Records for the task:
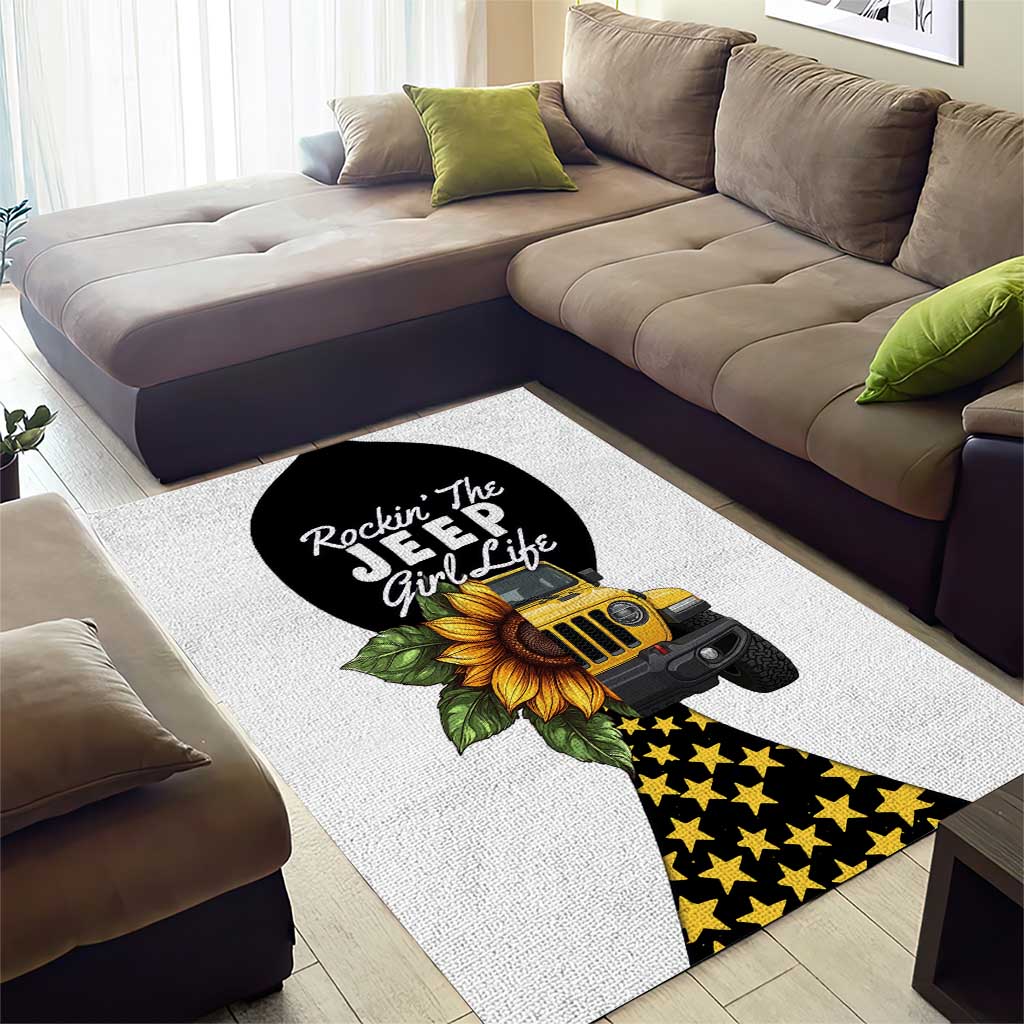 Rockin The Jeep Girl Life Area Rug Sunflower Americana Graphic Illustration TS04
...
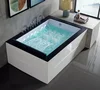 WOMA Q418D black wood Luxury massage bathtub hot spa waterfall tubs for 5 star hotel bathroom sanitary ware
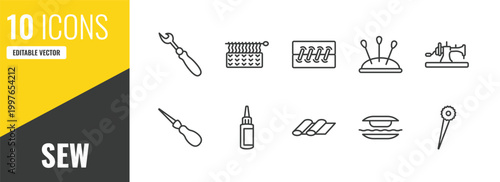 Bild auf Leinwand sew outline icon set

Activity: From the line with "WOMA Q418D black" up to and including the line with "Bild auf Leinwand sew outline icon set" above, retype every line exactly and nothing more; leave out the pictures.

Problem solution:
 WOMA Q418D black wood Luxury massage bathtub hot spa waterfall tubs for 5 star hotel bathroom sanitary ware
 Bild auf Leinwand sew outline icon set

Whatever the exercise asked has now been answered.